*Material for this exercise*:
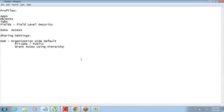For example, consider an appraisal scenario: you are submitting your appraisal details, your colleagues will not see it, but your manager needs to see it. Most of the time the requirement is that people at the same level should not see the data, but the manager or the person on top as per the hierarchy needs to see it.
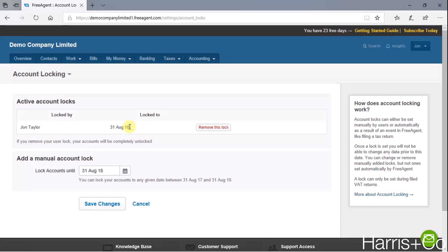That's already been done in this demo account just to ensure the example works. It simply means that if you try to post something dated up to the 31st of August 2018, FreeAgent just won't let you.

--

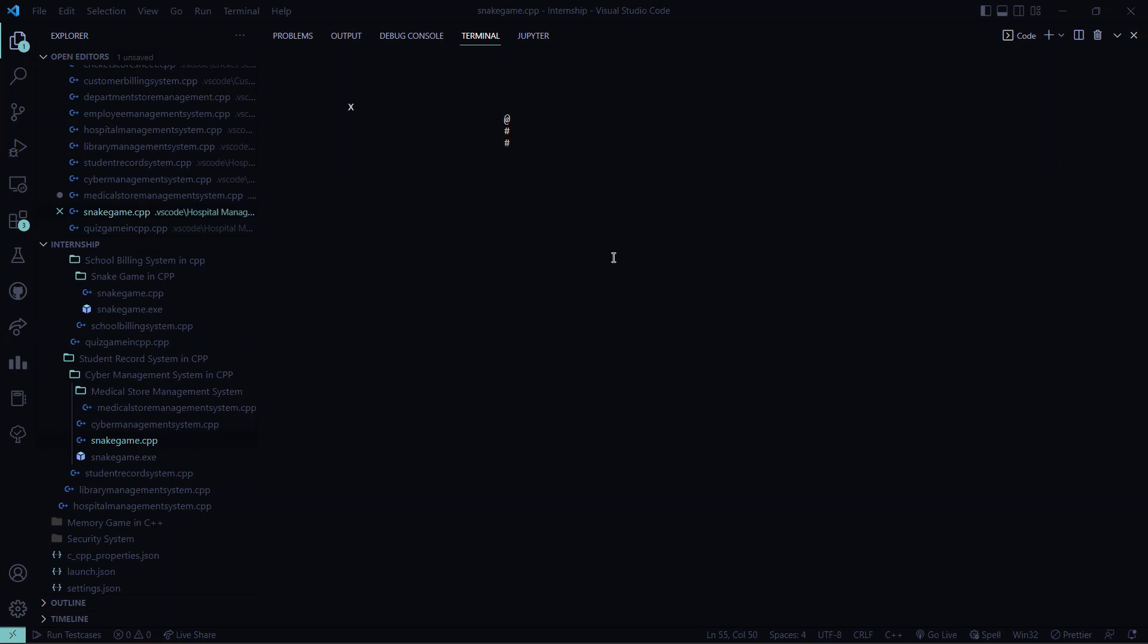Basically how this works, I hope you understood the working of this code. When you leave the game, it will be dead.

*Instructions to follow*: From the entries above, copy exactly the lines starting at the one with "For example, consider" and stopping at the one with "That's already been", keeping both ends. Drop the pictures.

*Response*:
For example, consider an appraisal scenario: you are submitting your appraisal details, your colleagues will not see it, but your manager needs to see it. Most of the time the requirement is that people at the same level should not see the data, but the manager or the person on top as per the hierarchy needs to see it.
That's already been done in this demo account just to ensure the example works. It simply means that if you try to post something dated up to the 31st of August 2018, FreeAgent just won't let you.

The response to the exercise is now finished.